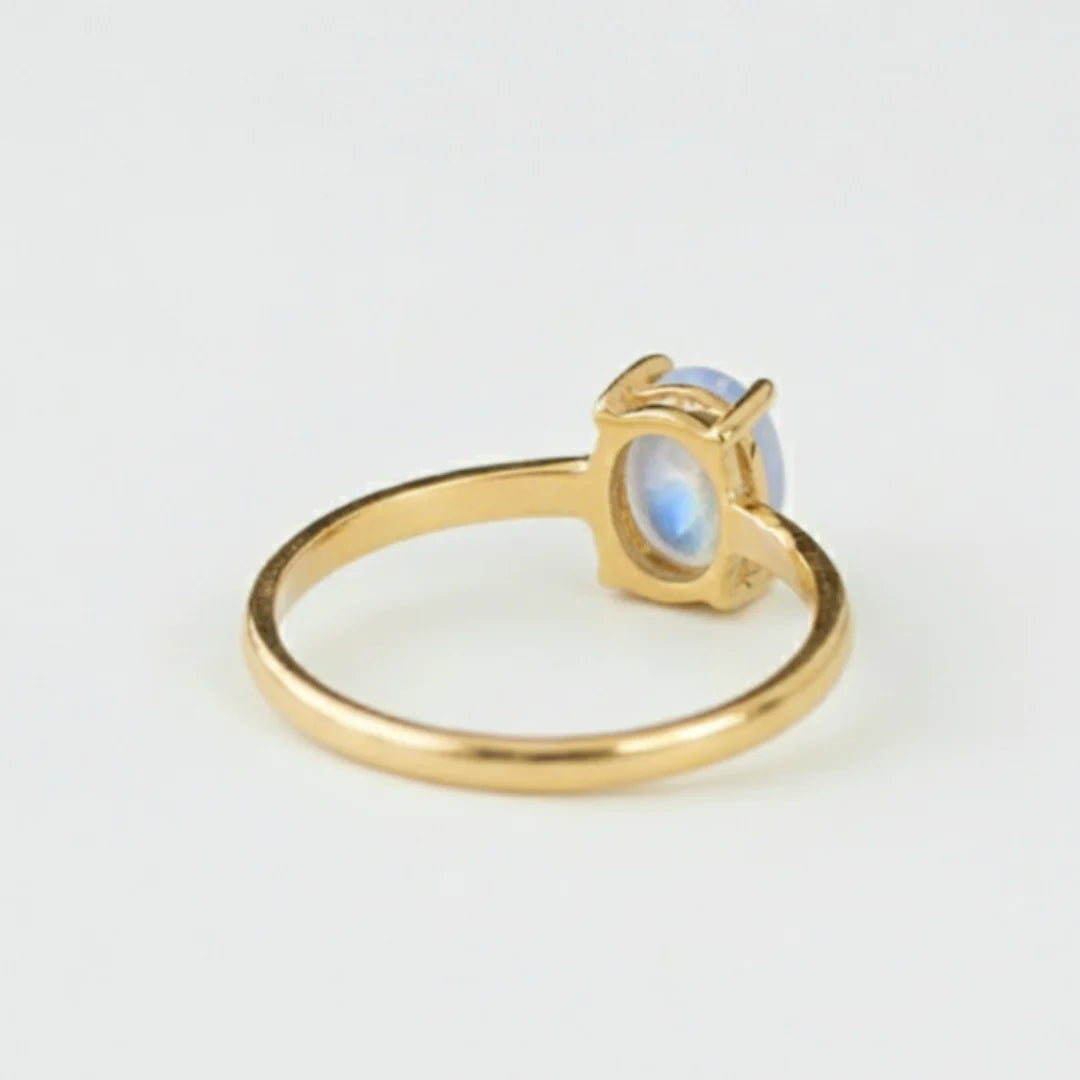 Yellow Gold Bezel-Set Moonstone Open Ring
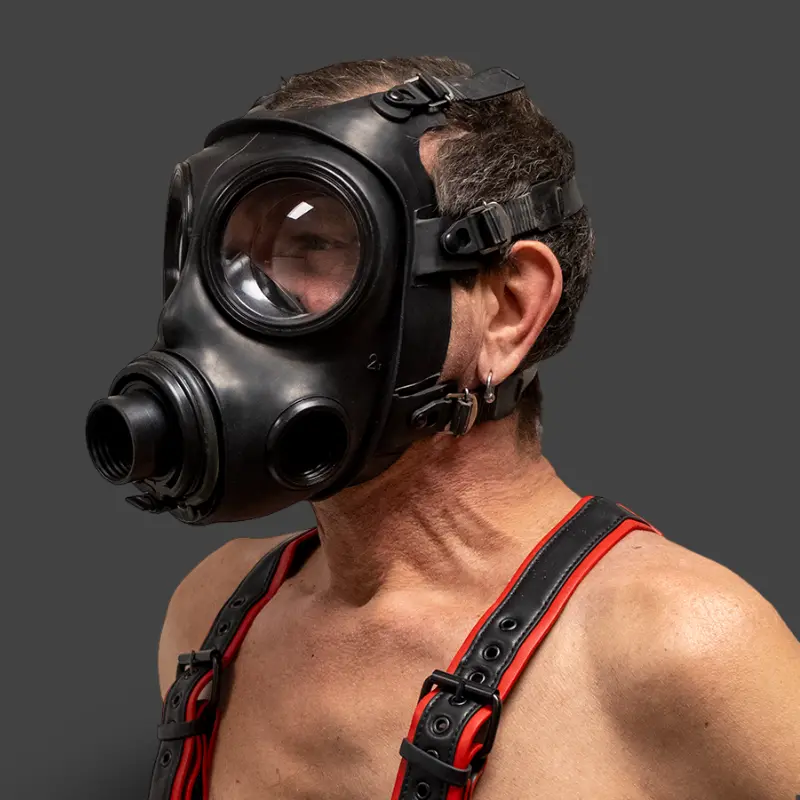 Masque à gaz fetish S10.4 GASMASTER | Double entrée | Dark-Ink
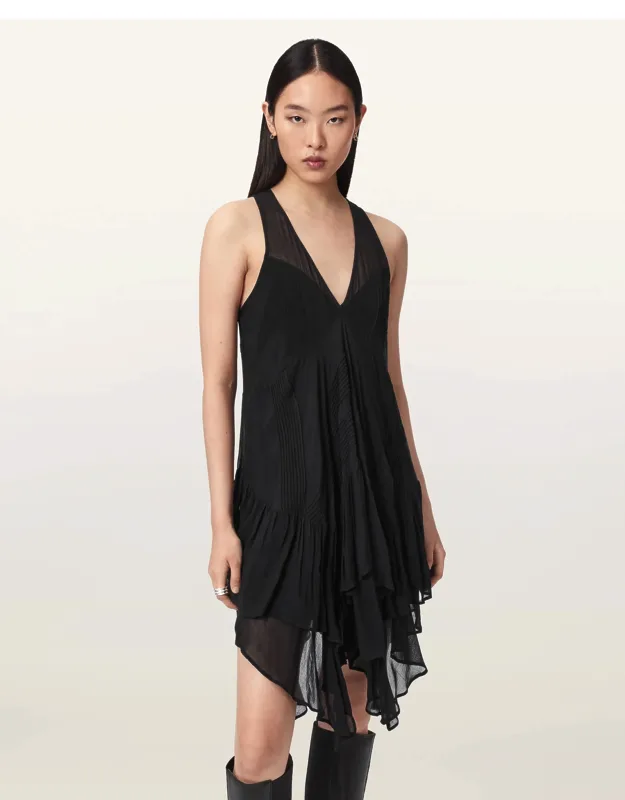 Asymmetric Tiered Midi Dress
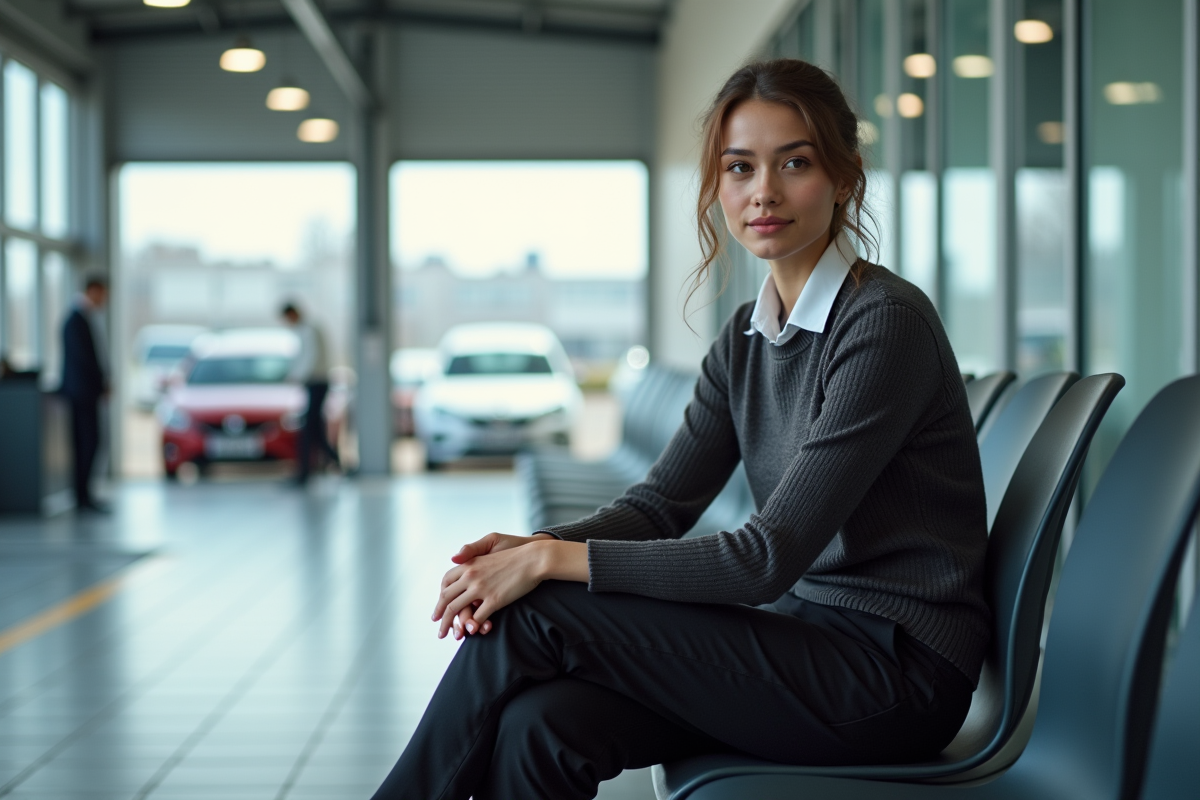 Jeune femme assise dans la salle d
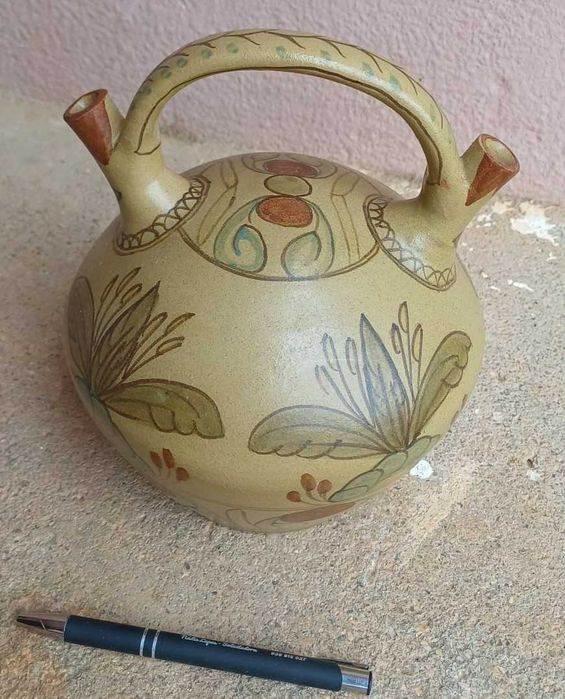 Bilha para água, com 2 bocas, cerâmica decorativa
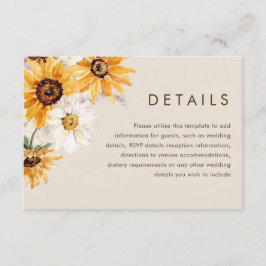 Bohemisk solrosbröllopsdetaljer tilläggskort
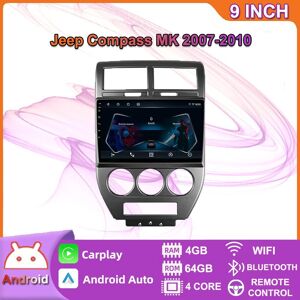 BAODANDP Android 2 Din Car Multimedia Player For Jeep Compass MK 2007-2010 Head Unit Stereo Carplay GPS Navigation BT WIFI4+64GB
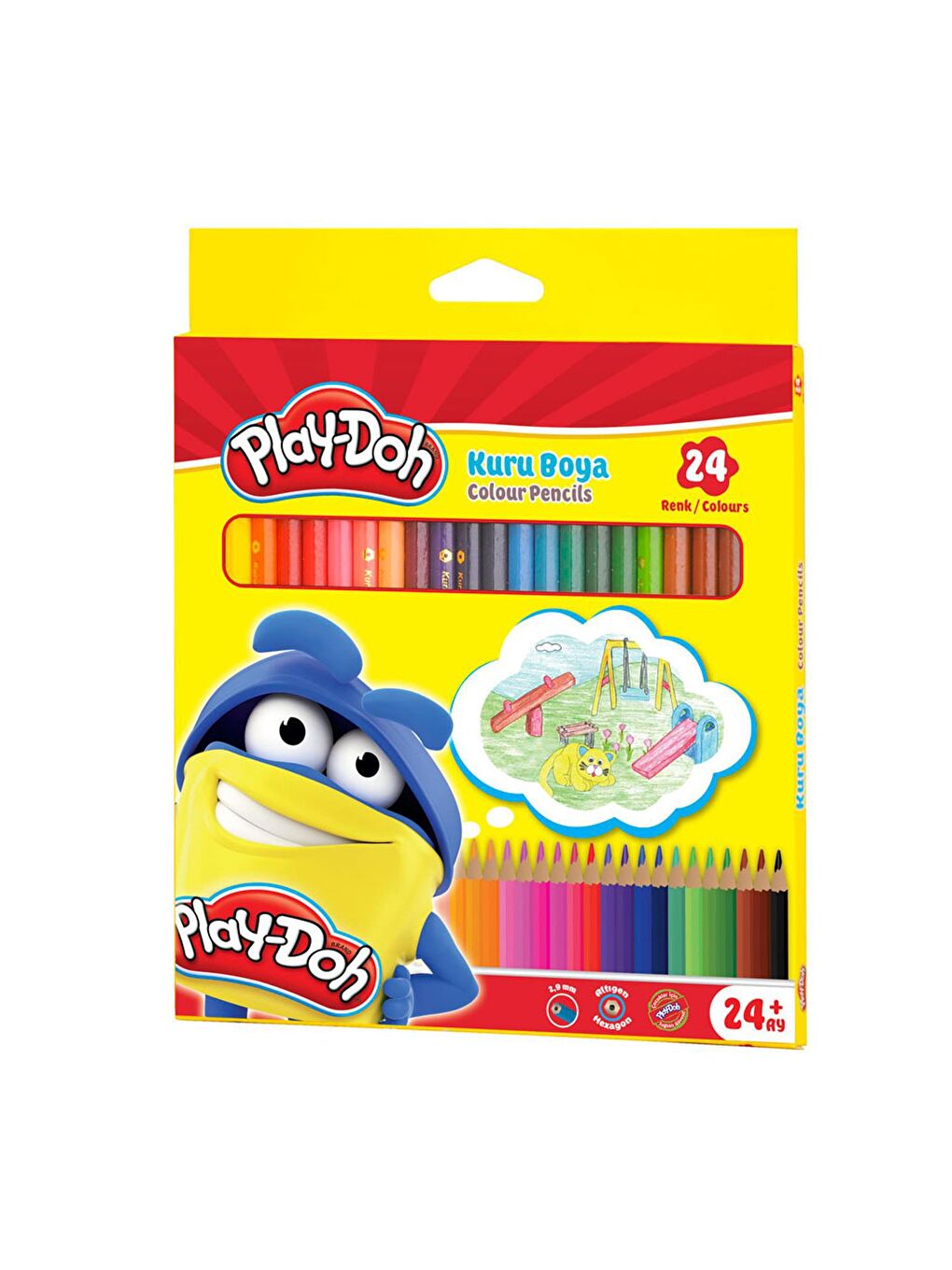 24 Renk Tam Boy Kuru Boya PLAY-KU003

--------------------------------------------------

TASK DETAILS:
A faithful reproduction of every entry, with no pictures, is the expected answer.

YOUR RESPONSE:
 Yellow Gold Bezel-Set Moonstone Open Ring
 Masque à gaz fetish S10.4 GASMASTER | Double entrée | Dark-Ink
 Asymmetric Tiered Midi Dress
 Jeune femme assise dans la salle d
 Bilha para água, com 2 bocas, cerâmica decorativa
 Bohemisk solrosbröllopsdetaljer tilläggskort
 BAODANDP Android 2 Din Car Multimedia Player For Jeep Compass MK 2007-2010 Head Unit Stereo Carplay GPS Navigation BT WIFI4+64GB
 24 Renk Tam Boy Kuru Boya PLAY-KU003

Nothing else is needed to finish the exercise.